Have you noticed how our culture makes it so easy to be the victim? Watch about 5 minutes of television and you’ll see someone crying or fighting or saying, “It wasn’t my fault – he made me do it!” Or turn on the radio and you’ll hear about how some man cheated on a girl and now she’s out to make him pay. Our world makes it so easy to glorify the act of “getting even” as a virtue. Because the culture says “it’s okay” and “it’s all about you, babe” – I find it can be so tempting to engage in this modern warfare.
This past week, I’ve been doing a lot of thinking on this subject. As a stepmom in a blended family I have to ask myself, “Do I see myself as the victim? Do I let the challenges of this role overshadow the joys of it? Do I spend more time talking about the frustrations or the beauty?”
I’ve been dating my husband for about five and half years now, and, in that time I have tried to lean on my own strength and have tried to “be perfect” – psh! whatever that means!?! The sentiment was sweet at first and everyone loved that I never rocked the boat. I didn’t want to do anything that might be construed as manipulative or needy. I didn’t want to take my husband’s attention away from his kids in any way. I didn’t want to do or say anything to upset his ex-wife. In essence, I wore myself out trying to tiptoe through the minefield. I have spent too many of they past years looking, not for what I could do, but instead boxing myself in with all the can’t dos. I can remember thinking, “I can’t stand up for myself to my husband’s ex because that’s not respectful. I can’t make my dreams and desires known to my husband, because, in order to help me reach them, that might take some of his time away from his children and that would be unforgivable.” And, what my family got from me was a timid quiet shell of a person.
And then, I woke up one day and realized that I couldn’t live like that anymore. I realized that in an effort to be perfect for everyone else, I had lost a part of my own spirit and I had let a bitter seed grow in my heart. I realized I could not and would not live any more days trapped in that cycle. Although that girl didn’t make waves, that kind of person didn’t bring her full self to her family either. The Lord has not called me to life a fear and timidity but, instead, to one of power, love and self-discipline. I realized somewhere along the way I had bottled up every emotion and frustration and had indeed become the victim, not because of anyone else, but instead because I had been believing a lie that my family didn’t need or want the whole version of me, and that is a shame. No one else made me feel this way, I did it to myself.

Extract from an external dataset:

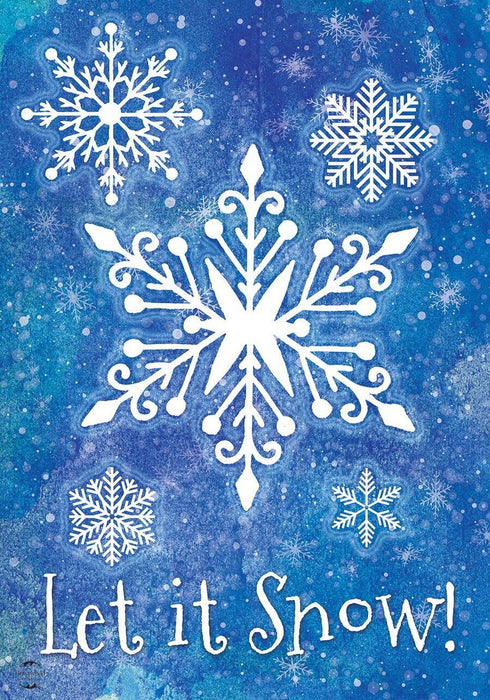 Snowflakes Collection Garden Flag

I have decided its time to stop shying away from things out of fear, but instead to truly take my place in my family.
This begs the question – what is a stepmom’s place and voice in a blended family? And better yet, do you have even have one? The answer, my friends, is yes – no matter who tries to tell you differently. I urge you, do not listen to the lies of the enemy, but instead seek out the voice of truth. The truth is, beyond all the stereotypes and the dynamics of your relationship with your stepchildren, you husband or the ex-wife, you are a person who thinks and feels and you are just as much a part of the family as anyone else. The truth is, you speak directly into the lives of your husband and your stepchildren. The truth is, your words are powerful and with that power comes responsibility. Remember, Proverbs 18:21 says, “Death and life are in the power of the tongue, and those who love it will eat its fruits.” Proverbs 15:1 also says, “A gentle answer turns away wrath, but a harsh word stirs up anger.”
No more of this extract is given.